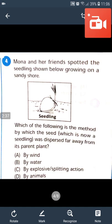Question number 4: Moona and her friend spotted the seedling shown below, growing on sandy shores. Which of the following indicates by which method the seeds were dispersed far away from its parent plant? Answer will be B — by water. The seedlings were dispersed by water.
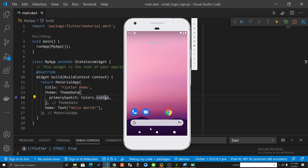Hi, welcome to my channel. In this video we are going to learn what is the difference between stateless widget and stateful widget. The names indicate that a stateless widget is not attached to a state, and a stateful widget is attached to a state. So what does that mean? Let's understand it in detail.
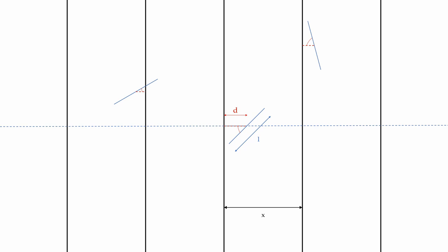Specifically, we will use the horizontal distance from the needle's center to the closest line. We will call this distance d and the acute angle the needle makes with a horizontal through its center theta.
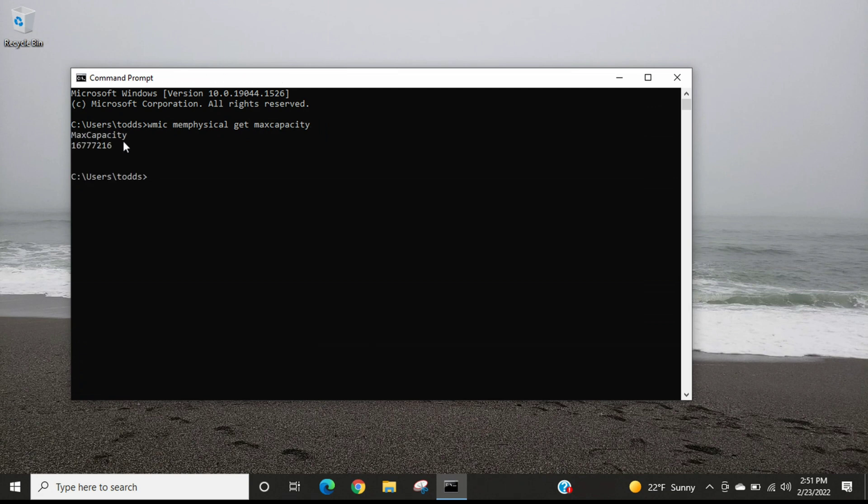This is the max capacity for my laptop, and it gives us this number in kilobytes, so we need to change this information into gigabytes. You can use a calculator, or I'm also going to show you how we can use the command prompt to make this calculation.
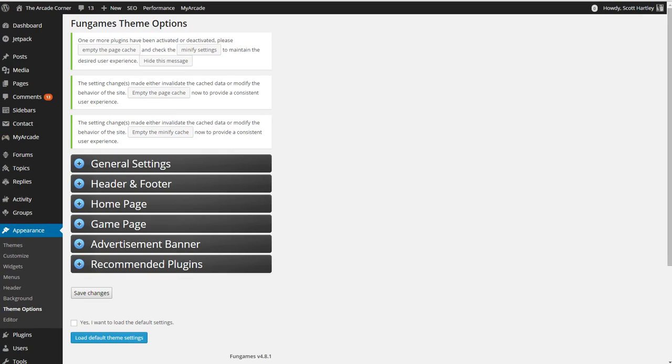Hello everyone, this is Kyle from DLXVision.com and today I will be showing you how to configure the Fun Games theme. Fun Games is created by the creator of my arcade plugin which is a very popular and very powerful arcade script for WordPress.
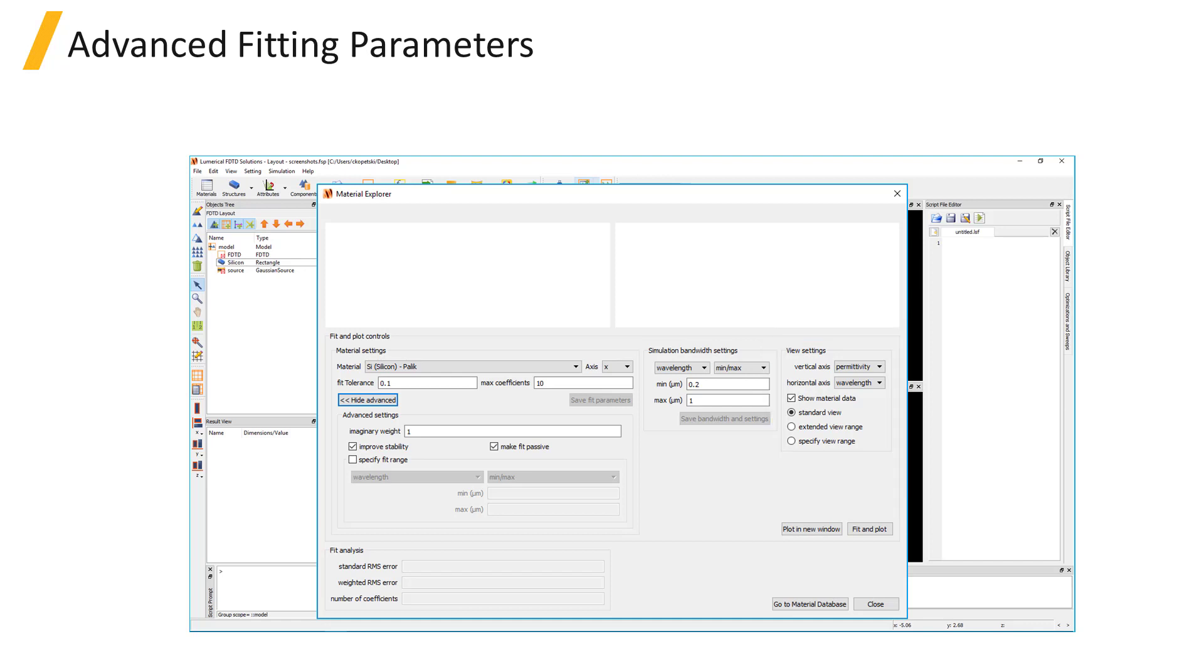For 2D material models, you can choose to plot the surface conductivity or resistivity over frequency or wavelength.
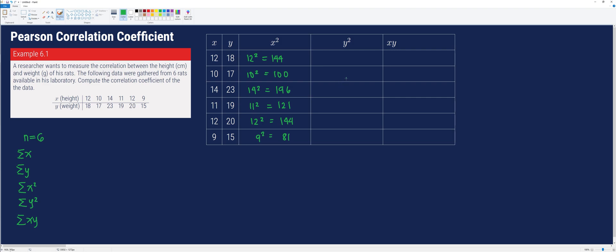Then we fill in every cell in the fourth column by squaring the values of y. Therefore, 18 squared is 324, 17 squared is 289, 23 squared is 529, 19 squared is 361, 20 squared is 400, and 15 squared is 225.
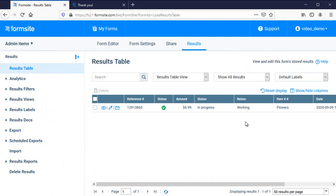Since admin items are not displayed on the visitor's form, I can't use them in rules, piping, funneling, or pre-populating.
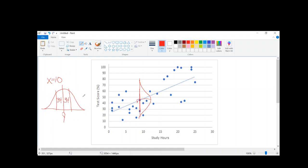So you see how I did this distribution for just those who studied 10 hours? Now let's do just those who studied 5 hours. If I'm just looking at people who studied 5 hours, I can also draw that normal distribution. The mean of that normal distribution is going to be right where my predicted value of y would be for only people who studied 5 hours.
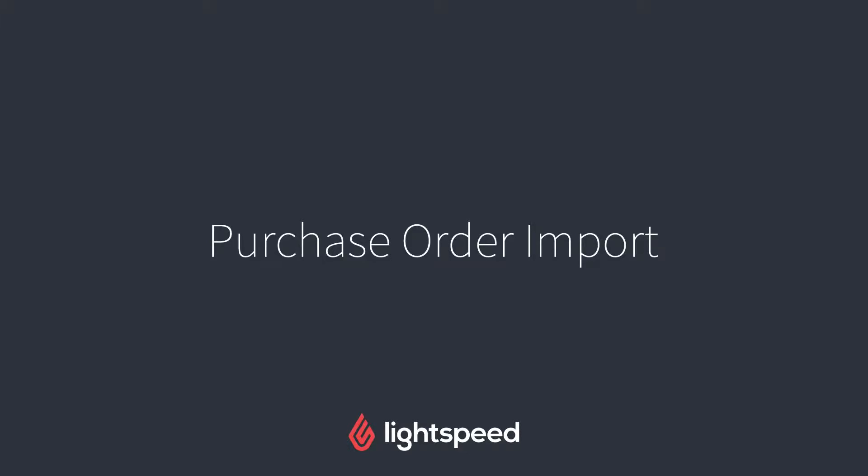Hi everyone, this is Jason from Lightspeed, and in today's video I'm going to show you how to do a purchase order import.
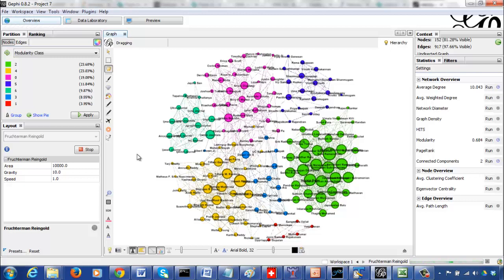It is very interesting to see that just based on topology information and the distribution of edges among the vertices, the algorithm is able to find different communities which make sense in terms of what we know about the vertices and what they correspond to in real life.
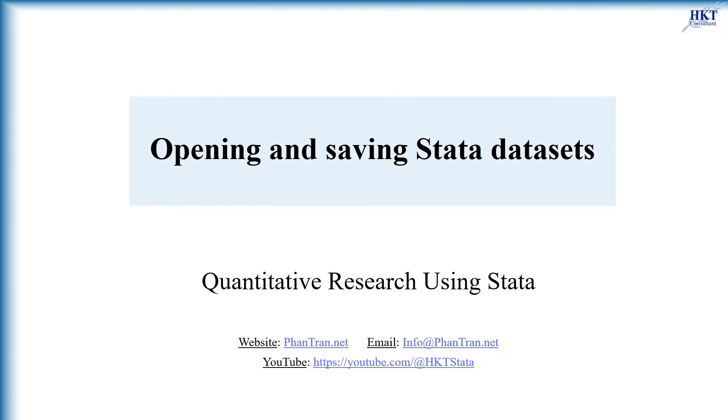This video outlines all the possible ways to open and save datasets in Stata that work similarly to those tasks in other computer applications. There are a few differences. Let's have a quick look at how we can do it.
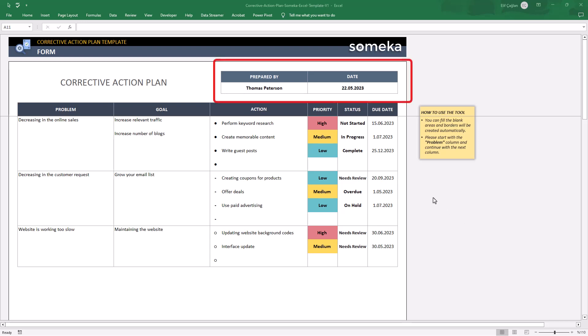As you see in the top area, there are some basic info about the writer and the date of the report.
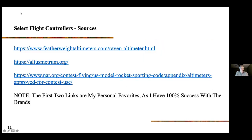Here are some sources for flight controllers. You'll notice a few are the same as on the tracker list — Featherweight and Altus Metrum are my favorites. I've had 100% success with those controllers in my experience, so I recommend them highly. If you don't have another choice or your mentors want you to make the choice, there's nothing wrong with picking those two.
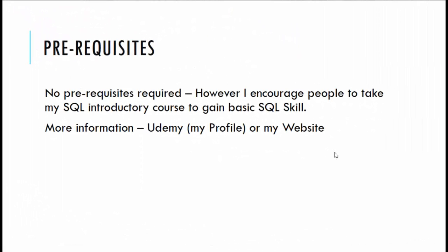Alright, before we deep dive into the course there are certain things I wanted to mention. There are absolutely no prerequisites to this course. I have designed this course in such a way that you can follow along with me. It would definitely be useful to learn T-SQL as it will give you more flexibility. If you want to learn the absolute basics I would recommend you to attend my basic and advanced SQL courses. Details can be found on my website or my Udemy page.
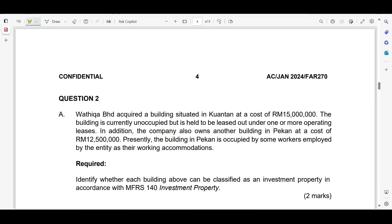Assalamualaikum and hi everyone. Welcome to my channel. In today's presentation, we are going to do one more question from MFRS140 and this is question 2, January 2024, question 2A and B. Before this, there was already a question recorded for question 2C. You may check in my link later. Let's start with question part A.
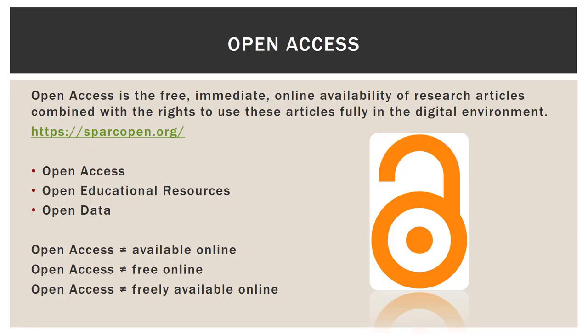Open Access is the free, immediate, online availability of research articles combined with the rights to use these articles fully in the digital environment. That definition comes directly from SPARC, the Scholarly Publishing and Academic Resource Coalition, who have been working to make the default open for research and education. Typically when someone says open access, they are referring to works like articles, books, images, and music.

◆ Problem statement:
Each line above that falls between the line with "This is the" and the line with "Hi everyone, this" should be printed exactly, together with those two lines, but the pictures should not.

◆ Written answer:
This is the max capacity for my laptop, and it gives us this number in kilobytes, so we need to change this information into gigabytes. You can use a calculator, or I'm also going to show you how we can use the command prompt to make this calculation.
Hello everyone, this is Kyle from DLXVision.com and today I will be showing you how to configure the Fun Games theme. Fun Games is created by the creator of my arcade plugin which is a very popular and very powerful arcade script for WordPress.
For 2D material models, you can choose to plot the surface conductivity or resistivity over frequency or wavelength.
Then we fill in every cell in the fourth column by squaring the values of y. Therefore, 18 squared is 324, 17 squared is 289, 23 squared is 529, 19 squared is 361, 20 squared is 400, and 15 squared is 225.
Since admin items are not displayed on the visitor's form, I can't use them in rules, piping, funneling, or pre-populating.
So you see how I did this distribution for just those who studied 10 hours? Now let's do just those who studied 5 hours. If I'm just looking at people who studied 5 hours, I can also draw that normal distribution. The mean of that normal distribution is going to be right where my predicted value of y would be for only people who studied 5 hours.
Hi everyone, this is Jason from Lightspeed, and in today's video I'm going to show you how to do a purchase order import.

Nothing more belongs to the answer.